Si déjà, pour beaucoup, la chasse est en elle-même une activité fort discutable, la chasse à courre provoque encore plus la controverse. Les cavaliers, aidés par une meute de chiens, traquent le renard, le cerf ou le lièvre sur des kilomètres, avant de le cerner, et de passer au massacre (pardon, au doux moment de l'hallali). "Loisir" réservé aux plus aisés, on ne peut pas franchement dire qu'elle soit noble. C'est vrai que poursuivre un pauvre cerf qui ne faisait que vivre dans son petit coin de forêt paisible, c'est d'un viril...

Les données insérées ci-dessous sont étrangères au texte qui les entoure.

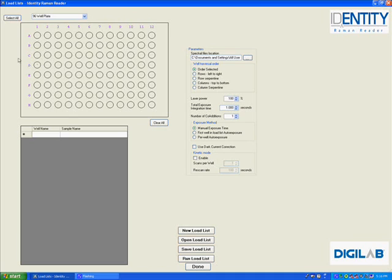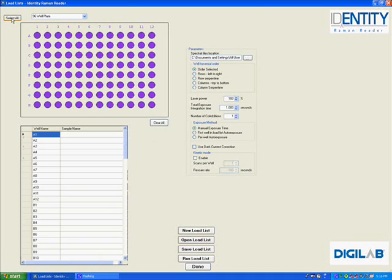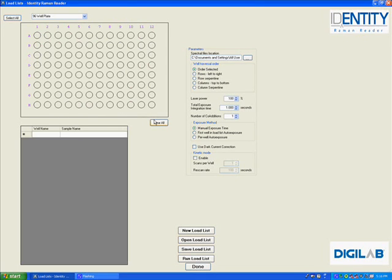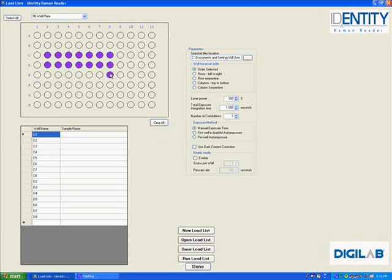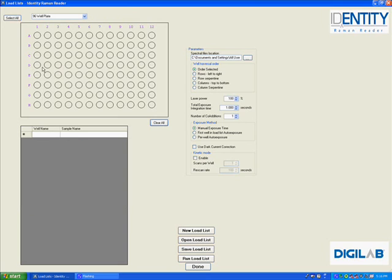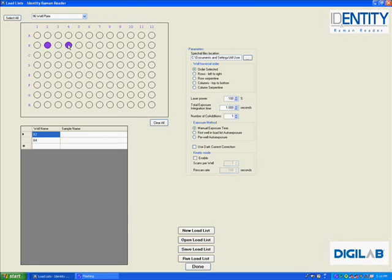The easiest way to scan all the wells would be to select all buttons, and all wells would be selected. If the user does not want to select all the wells, we can clear those, and we can either select wells by clicking and dragging with the mouse, or we can click on individual wells that we would like to interrogate.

Pour aller plus loin dans l'horreur, certaines bêtes se retrouvent frappées à coups de barres de fer pour leur faire plier le genou, et alors qu'elles sont déjà quasiment mortes de terreur et blessées par les morsures, on les achève à l'arme blanche. Quand on ne les noie pas dans la vase d'un étang. Mais si, on vous le dit : les chasseurs ne font que réguler la faune de nos forêts.

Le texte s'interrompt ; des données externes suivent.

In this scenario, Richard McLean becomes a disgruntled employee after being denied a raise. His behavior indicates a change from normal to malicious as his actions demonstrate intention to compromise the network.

Ajoutons que la chasse à courre se pratique aussi hors des périodes de chasse à tir, lorsque certaines espèces animales se reproduisent. Ah oui, là, l'argument de la régulation, il en prend un coup (de dague ?) dans le pif.
Quelques chiffres intéressants
Seule une vingtaine de pays continue de la pratiquer. Et notre beau pays des droits de l'Homme ne semble pas celui des droits des animaux ! En effet, 69 départements sont concernés par cette pratique, qui réunit 100 000 suiveurs, 17 000 chiens et 7 000 chevaux pour tuer 3800 animaux chaque année.

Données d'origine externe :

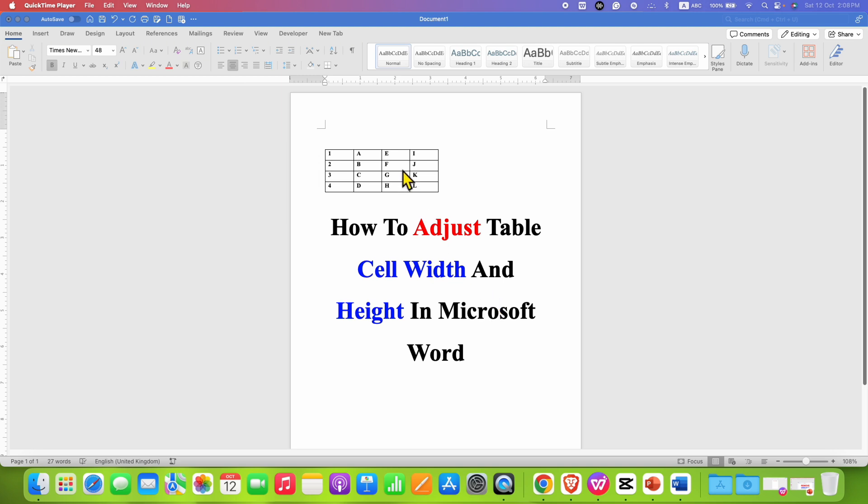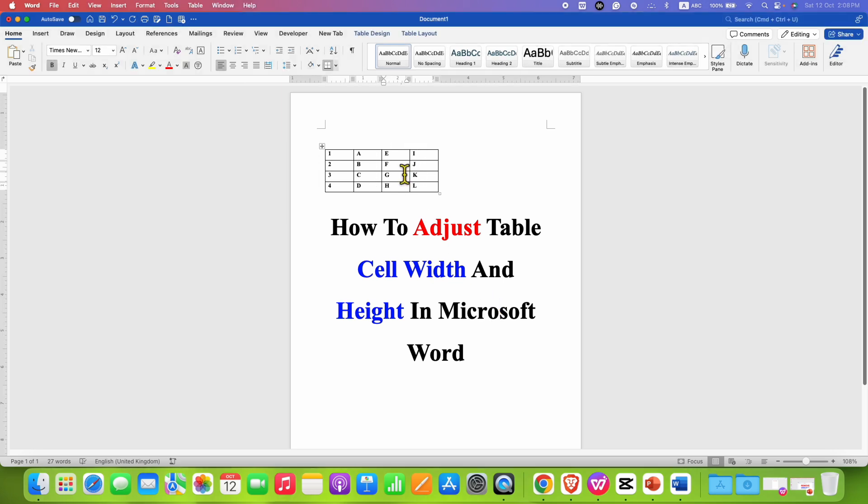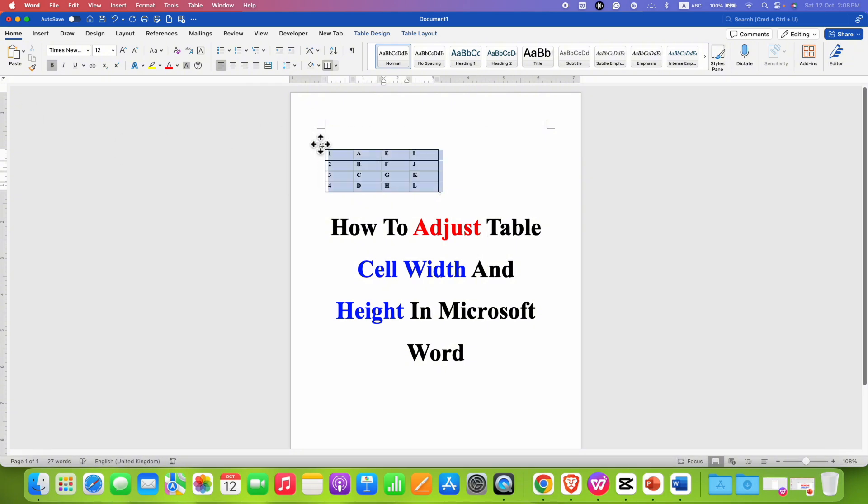First, you need to click inside the table and then you will see here the box. You just have to click on this box icon to select the table.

L'anecdote qui tue (hinhin)
On peut rappeler un épisode sympathique de la douce campagne de l'Aisne, où en 2008, un cerf a fini sa course dans le jardin d'un particulier et a été achevé à la dague devant les propriétaires du terrain et leurs enfants. Mais puisqu'on vous dit que c'est pour la régulation ! Vous allez continuer longtemps à faire vos chochottes ? Et puis ça leur forge le caractère, à ces mômes, d'assister à ça. C'est la nature, hein.
En plus, il existe un moyen de retrouver cette pratique sans tuer ou stresser les animaux, en "chassant" une odeur. Alors pourquoi continuer à la pratiquer réellement ? Sûrement pour les mêmes raisons qui poussent les fashion victimes à porter de la vraie fourrure lorsque la fausse est si bien imitée de nos jours : pour l'affichage. Transmettre la tradition.
D'ailleurs, je propose qu'on en revienne à couper les mains des voleurs ou brûler des gens sur les bûchers. C'est vrai quoi, tout se perd de nos jours. Et vous, vous en pensez quoi ?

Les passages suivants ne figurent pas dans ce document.